I read (or more accurately, listened, since I purchased this as an unabridged audio book) because I was disappointed when Pluto was no longer listed as our ninth planet. Like many others, I grew up learning the nine planets, and while it was sometimes confusing to me about which planet was positioned where, Pluto was always easy to identify! It was always the tiny planet WAY OUT THERE away from everyone else, maybe even a bit lonely. But to be fair, I had no scientific reason for being unhappy that Pluto was now tagged as a "dwarf planet"; my reasons were purely emotional and sentimental.
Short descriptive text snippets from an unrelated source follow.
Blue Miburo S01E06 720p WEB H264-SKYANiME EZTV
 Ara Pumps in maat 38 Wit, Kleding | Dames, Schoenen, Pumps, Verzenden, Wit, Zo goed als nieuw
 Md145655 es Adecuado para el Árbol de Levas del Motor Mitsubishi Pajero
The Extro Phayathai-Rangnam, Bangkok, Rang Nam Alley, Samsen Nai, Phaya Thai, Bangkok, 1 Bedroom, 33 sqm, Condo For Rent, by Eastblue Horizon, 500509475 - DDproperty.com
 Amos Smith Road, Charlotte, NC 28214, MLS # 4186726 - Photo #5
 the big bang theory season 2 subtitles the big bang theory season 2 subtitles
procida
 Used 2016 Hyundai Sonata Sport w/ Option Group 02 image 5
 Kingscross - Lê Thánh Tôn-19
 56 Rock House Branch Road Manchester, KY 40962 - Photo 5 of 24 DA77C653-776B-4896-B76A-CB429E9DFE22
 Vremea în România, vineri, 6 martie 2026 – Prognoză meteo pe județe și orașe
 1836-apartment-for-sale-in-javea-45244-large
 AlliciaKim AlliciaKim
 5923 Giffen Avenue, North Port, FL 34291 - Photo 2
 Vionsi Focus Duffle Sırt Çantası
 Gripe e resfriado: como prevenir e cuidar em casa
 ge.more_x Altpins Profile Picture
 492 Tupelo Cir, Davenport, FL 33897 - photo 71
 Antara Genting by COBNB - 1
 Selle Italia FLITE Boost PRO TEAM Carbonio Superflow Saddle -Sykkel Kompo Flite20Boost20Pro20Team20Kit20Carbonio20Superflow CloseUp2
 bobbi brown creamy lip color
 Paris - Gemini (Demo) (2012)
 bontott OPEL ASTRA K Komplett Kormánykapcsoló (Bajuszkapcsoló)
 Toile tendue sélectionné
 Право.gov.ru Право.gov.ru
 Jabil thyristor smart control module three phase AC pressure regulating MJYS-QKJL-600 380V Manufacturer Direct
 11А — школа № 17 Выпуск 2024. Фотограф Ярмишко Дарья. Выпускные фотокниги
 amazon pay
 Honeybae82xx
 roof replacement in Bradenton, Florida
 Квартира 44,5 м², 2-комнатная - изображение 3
When I came upon this book, it seemed like the perfect time to get better educated on this matter, and determine if my unscientific reasons could be justified.
The author, Mike Brown, is a CalTech astronomer who has been looking for and discovering new objects in our solar systems for many years. In fact, he discovered what would have been our tenth planet, Eris, had the definition of "planet" not been changed. Over the course of the book, we learn the process that astronomers use to search the sky using specially-designed cameras and telescopes, and how computers and software help astronomers decipher what they see. It's not all glamorous!
By the end of the book, I have to admit I was convinced: Pluto should be listed as a "dwarf planet". But I recommend this book to anyone who has even a passing interest in astronomy, not just an interest in the "is it a planet?" debate. The book is very approachable.